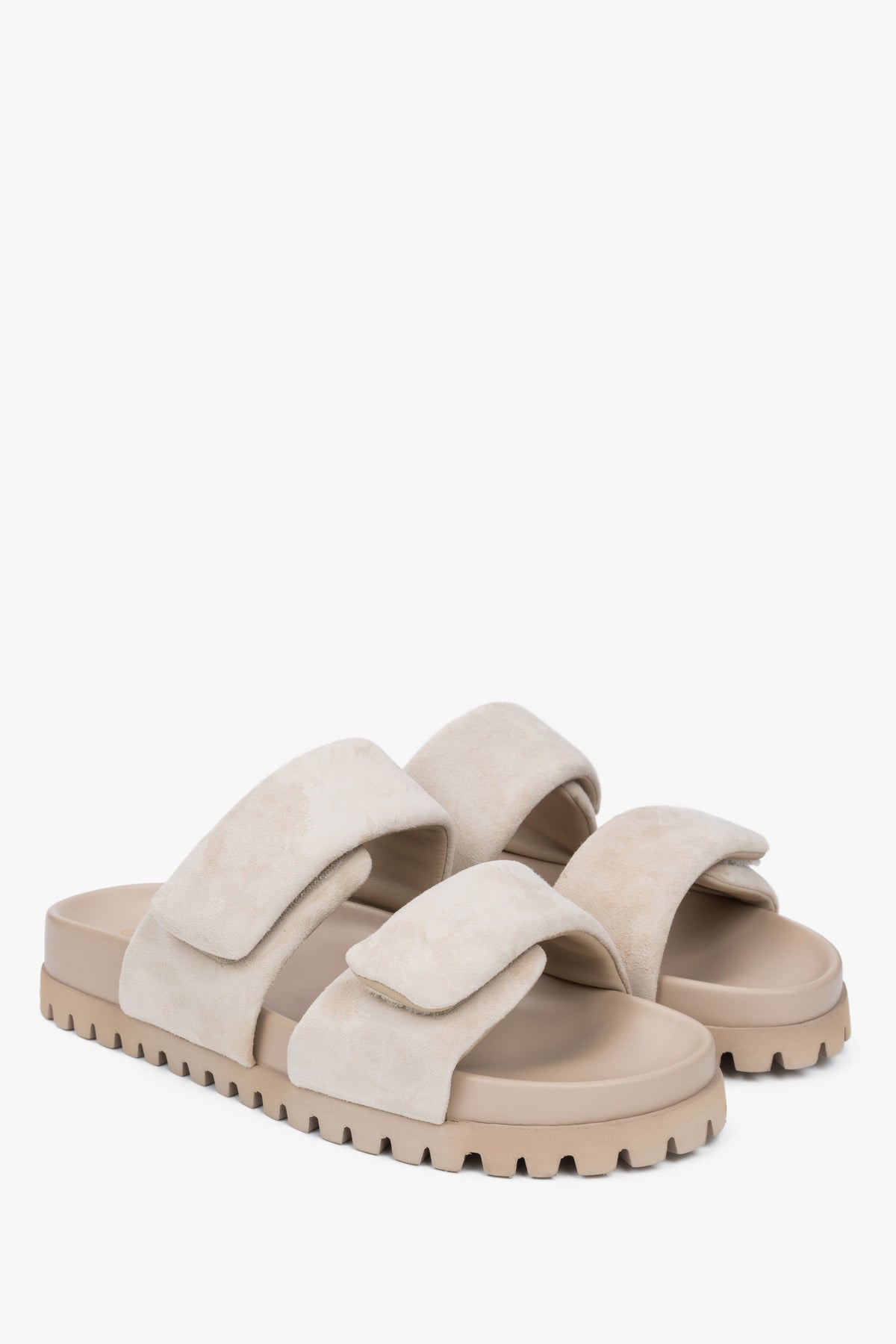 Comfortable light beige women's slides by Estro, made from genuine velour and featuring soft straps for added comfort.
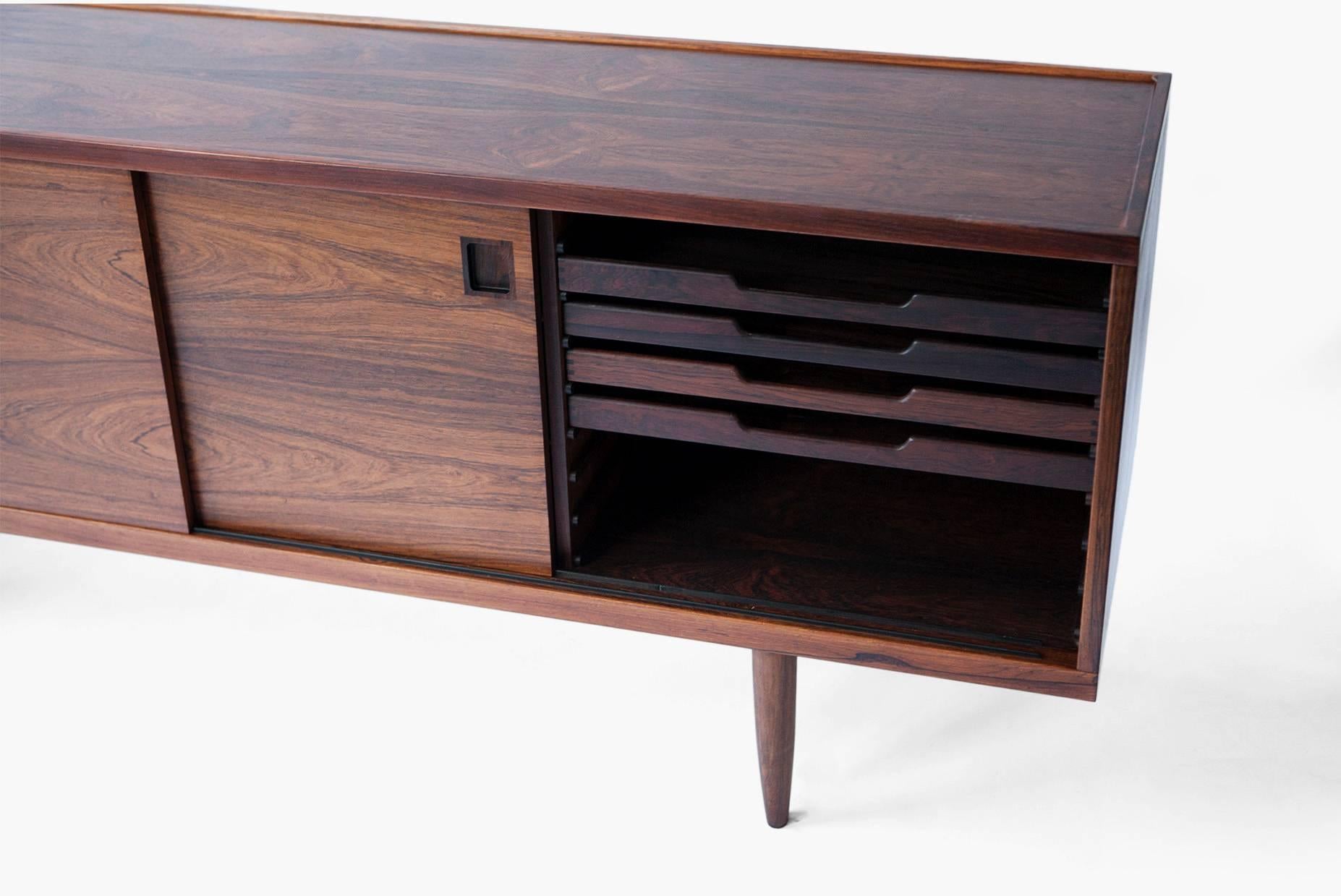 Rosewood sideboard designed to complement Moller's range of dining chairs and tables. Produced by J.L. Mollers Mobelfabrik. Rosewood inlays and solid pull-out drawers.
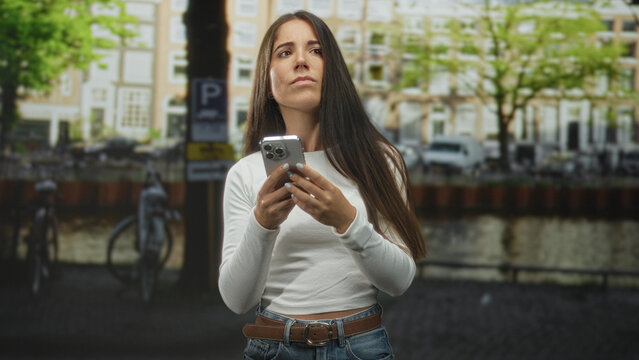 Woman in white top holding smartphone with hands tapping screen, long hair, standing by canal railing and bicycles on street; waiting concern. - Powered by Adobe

...

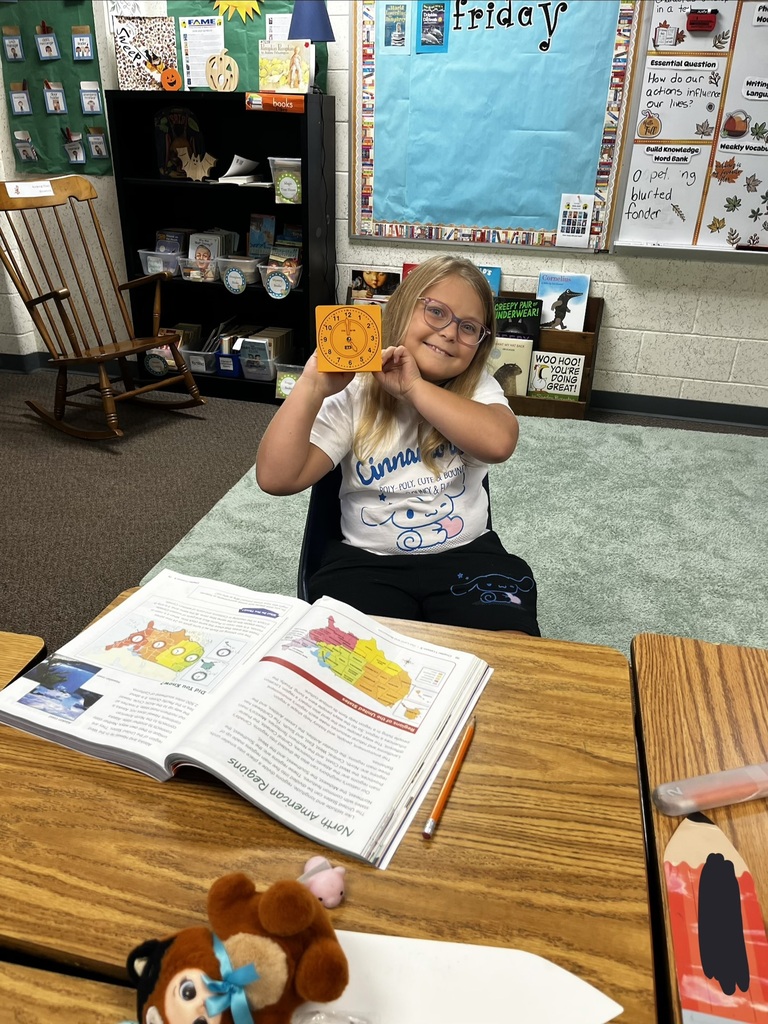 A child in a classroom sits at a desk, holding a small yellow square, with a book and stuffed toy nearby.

---

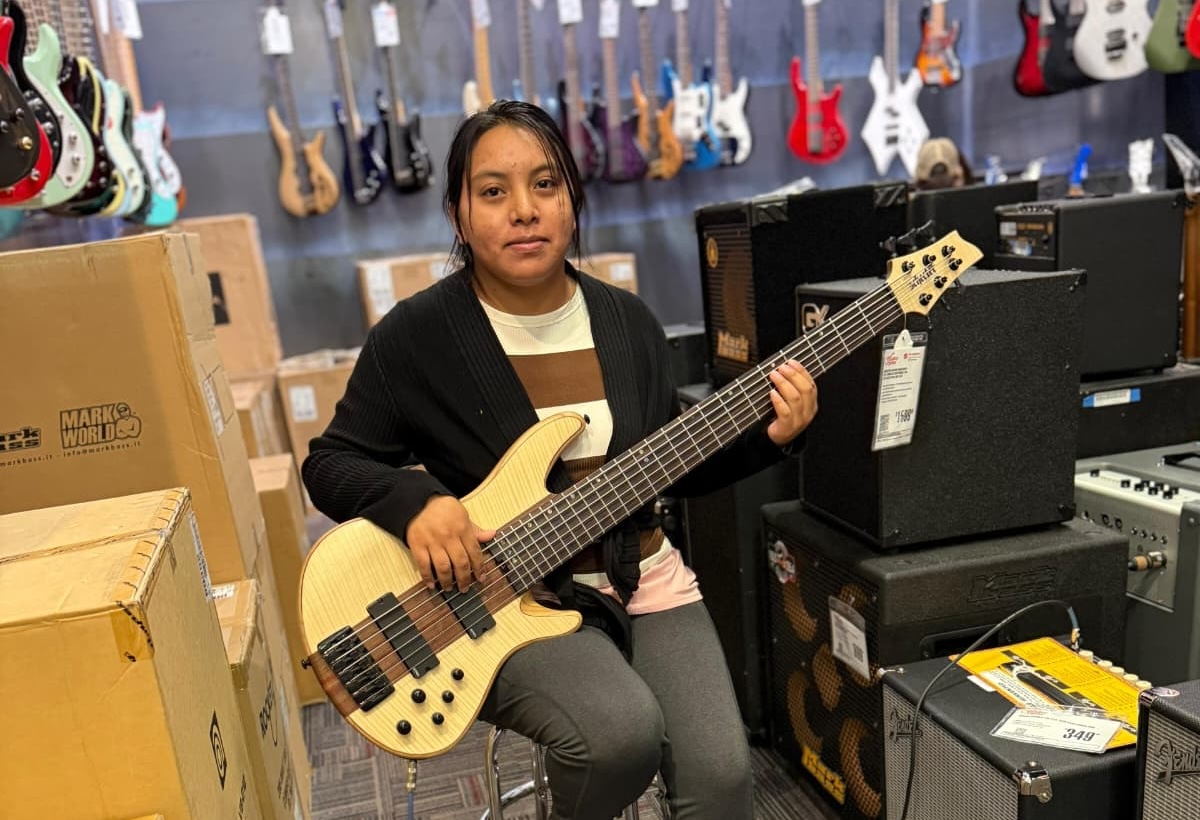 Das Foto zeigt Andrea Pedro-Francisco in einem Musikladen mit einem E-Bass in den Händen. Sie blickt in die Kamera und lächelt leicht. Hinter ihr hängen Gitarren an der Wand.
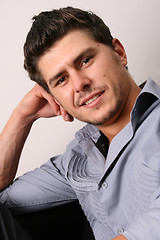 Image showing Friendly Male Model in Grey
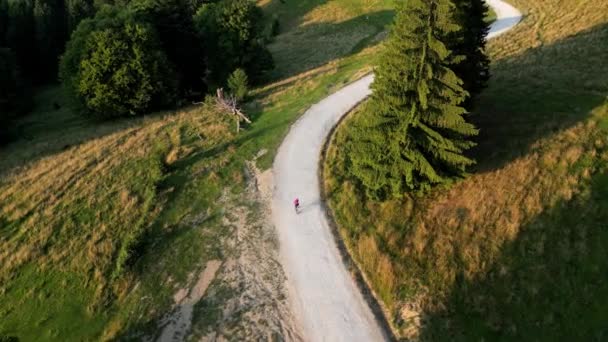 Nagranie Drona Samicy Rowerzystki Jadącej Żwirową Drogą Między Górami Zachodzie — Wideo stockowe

**EXERCISE PROMPT**
From the records above, copy only the lines running from the line containing "Comfortable light beige" to the line containing "Woman in white", both ends included. Leave the pictures out.

**ANSWER TO THIS EXERCISE**
 Comfortable light beige women's slides by Estro, made from genuine velour and featuring soft straps for added comfort.
 Rosewood sideboard designed to complement Moller's range of dining chairs and tables. Produced by J.L. Mollers Mobelfabrik. Rosewood inlays and solid pull-out drawers.
 Woman in white top holding smartphone with hands tapping screen, long hair, standing by canal railing and bicycles on street; waiting concern. - Powered by Adobe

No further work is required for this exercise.